This fallacy, also called argument to the point of disgust, happens when a person thinks simply repeating a statement (whether fact or fiction) makes it true.
This one is easy to spot, but apparently not so easy to stop. Creationists will say things like, “Evolution is only a theory” over and over. Anyone educated enough understands that the word theory has different implications in science when compared to its everyday use. However, someone dependent on argumentum ad nauseam won’t stop once this is conveyed. In fact, that person may simply keep repeating his argument over your argument. It can be annoying and very frustrating.
A person may also use this fallacy when she is trying to hide from the truth of something or keep from admitting a mistake. For example, let’s say Billy’s mother (let’s call her Jane) finds out that Billy, who’s about fourteen, is doing illegal drugs. She may not want to admit that her sweet boy is doing anything along those lines. Jane may keep telling herself that Billy’s drug use is not possible; he could never do that, etc. This isn’t a fallacy like we see in a debate. This is more of a personal application. However, just like in a debate, no matter how many times Jane repeats it to herself, that repetition doesn’t change the facts of the situation.

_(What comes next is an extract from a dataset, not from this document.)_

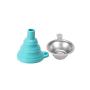 Metal UV Resin Filter Cup Silicone Collapsible Funnel Set Compatible with ANYCUBIC Foton SLA 3D Printer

Repeating like this is usually easy to detect, but you’d be surprised how many people fall for it. Politicians and news pundits have a bad habit of repeating a statement or catch phrase over and over again without adding any substance to it. It can seep into peoples’ brains and convince them that a fact is fiction. Humans like repetition. It’s safe and gives us a secure feeling. It seems simple, but that may be why this fallacy works so often.